═════ Data shown
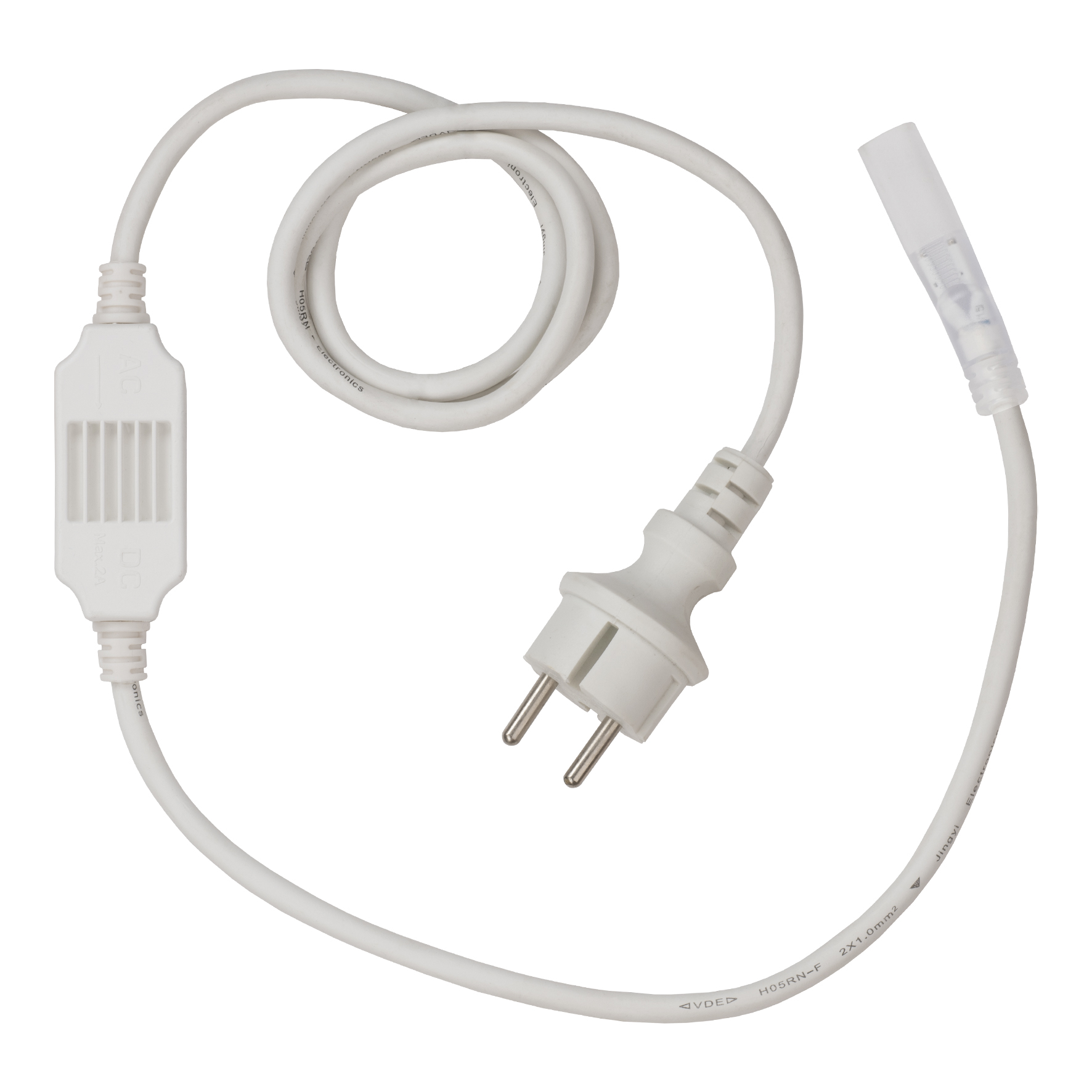Bailey Electric & Electronics bv 145375 LED Cable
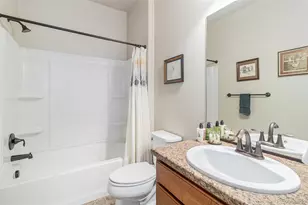 843 Settlers Dr, Milliken, CO 80543 - Photo 16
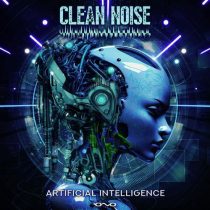 Clean Noise – Artificial Intelligence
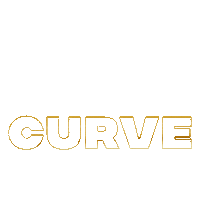 YEVOLATIN dj yoyo sanchez yoyo sanchez yevolatin curve yevolatin Sticker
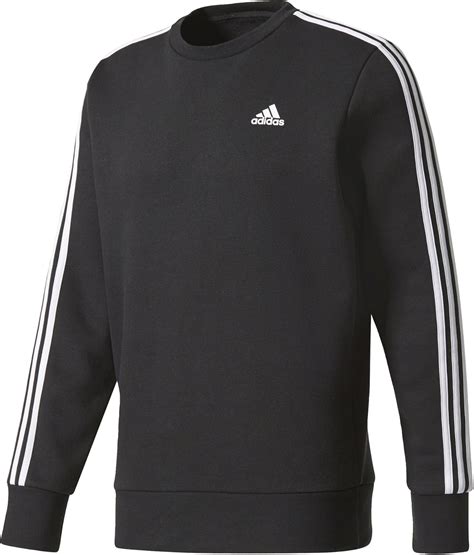 adidas pulli weiß longsleeve|Men · Pullover · Long Sleeve Shirts .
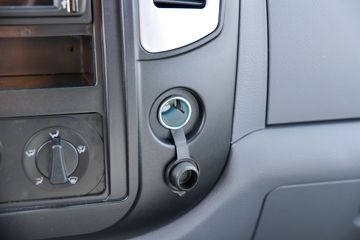 ���� ����W15 102���� 4X2 3.05����ж��(��ɫ)ͼƬ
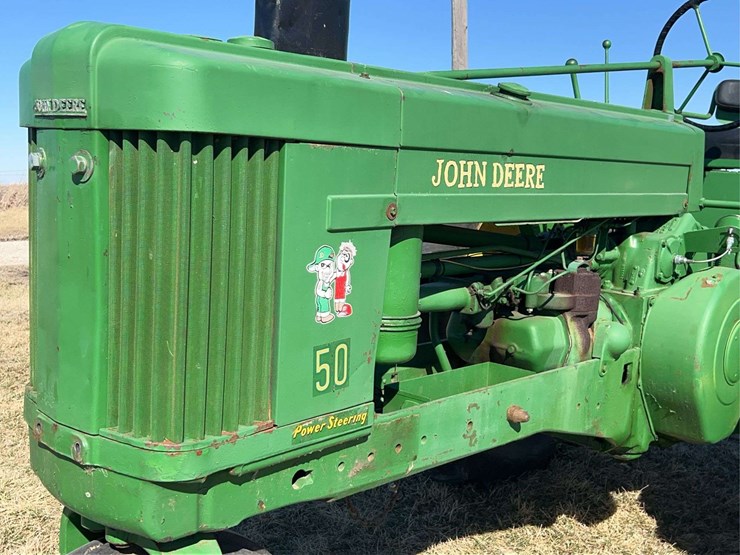 john-deere-50-image-15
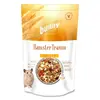 Image de 500g Bunny Rêve Expert pour hamster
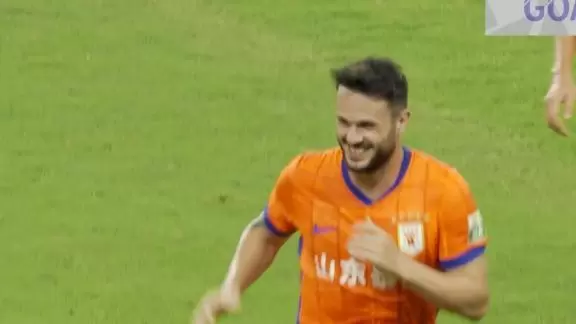 鲁媒：卡扎伊什维利的续约事宜还没有明确答案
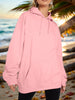 Blush Pink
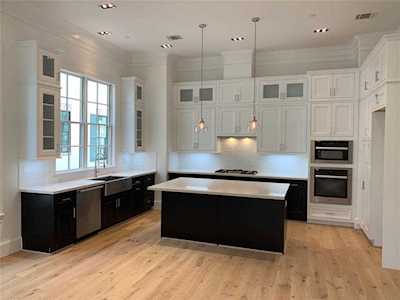 1308 Castle Ct Houston, TX 77006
══════════
◆ **Task directions**
Everything in the records above should be printed exactly, apart from the pictures.

◆ **Exercise answer**
Bailey Electric & Electronics bv 145375 LED Cable
 843 Settlers Dr, Milliken, CO 80543 - Photo 16
 Clean Noise – Artificial Intelligence
 YEVOLATIN dj yoyo sanchez yoyo sanchez yevolatin curve yevolatin Sticker
 adidas pulli weiß longsleeve|Men · Pullover · Long Sleeve Shirts .
 ���� ����W15 102���� 4X2 3.05����ж��(��ɫ)ͼƬ
 john-deere-50-image-15
 Image de 500g Bunny Rêve Expert pour hamster
 鲁媒：卡扎伊什维利的续约事宜还没有明确答案
 Blush Pink
 1308 Castle Ct Houston, TX 77006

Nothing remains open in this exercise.